Image Credits: Gallo Images / Beeld / Denzil Maregele

Another shocking allegation has been revealed, this time by Pieter-Louis Myburgh, author of the Republic of Gupta claiming that  the value of a Transnet contract shot up by billions after Salim Essa became a “negotiator”.

The contract with IT company T-Systems was increased by to a staggering R4 billion from R1.4 billion. This, after Essa, a Gupta associate, reportedly became the backchannel negotiator for the German company.

Myburgh’s piece published on News24 reports that former Transnet CFO Anoj Singh, also allegedly played a big role in Transnet’s decision to extend the T-Systems contract instead of putting out a tender.

The initial contract with T-Systems was a five-year deal to supply Transnet with data services. The contract was meant to expire in 2014, but instead got extended.

The contract was extended for a two year period,  a decision that made the company an extra R1.3 billion. Due to the ongoing dispute over the contract, the company will also earn up to R900m while the disputes rage on. This is even backed up by T-Systems’ own records.

When the latest extension finally expires in May 2018, T- Systems will have earned just under R4 billion from a contract from 2010 valued at just R1.7 billion.

Although the company admitted it considered appointing Essa as a “sales agent” in 2014, it eventually decided against it. It also denies that Essa played any role in Transnet’s handling of the data services contract.

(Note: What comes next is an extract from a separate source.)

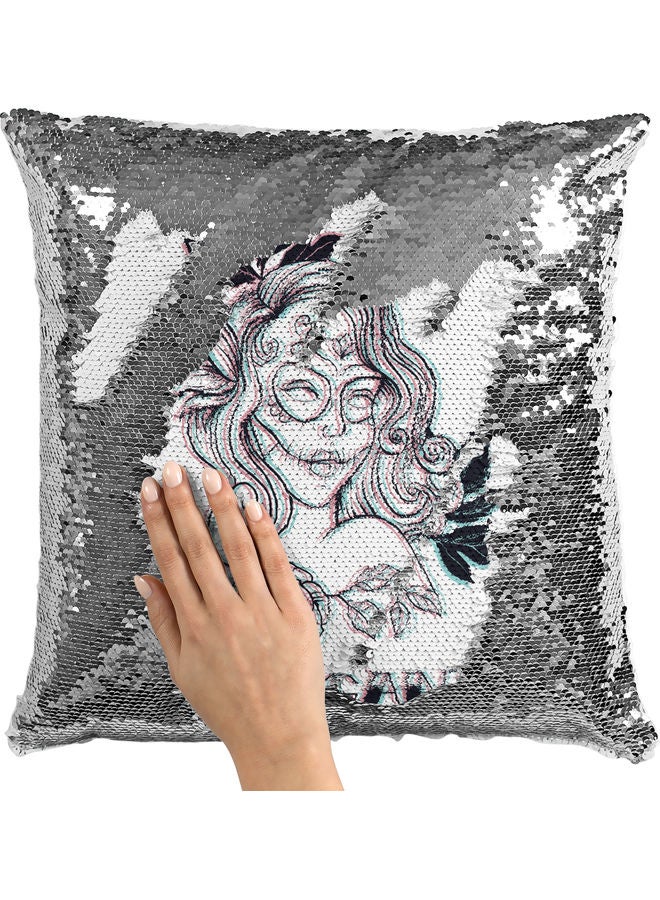 وسادة زينة للديكور مزينة بالترتر القلاب بتصميم صورة فتاة أنيقة أبيض/أسود/فضي 40x40سم - Image 2
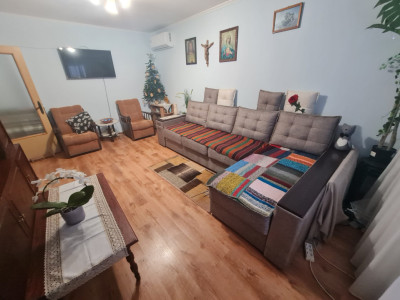 Apartament 4 camere decomandat, et. 1/4,  81 mp. Frumoasa, Diminetii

Myburgh’s sources say otherwise. Citing meeting between Transnet staff where Essa was the negotiator on behalf of T-Systems.

“During the network tender, Essa showed up and said he represented T-Systems as an intermediary. When it became clear that the tender would instead be awarded to Neotel, Essa returned to the negotiating table, this time introducing himself as a representative of Neotel,” says one source.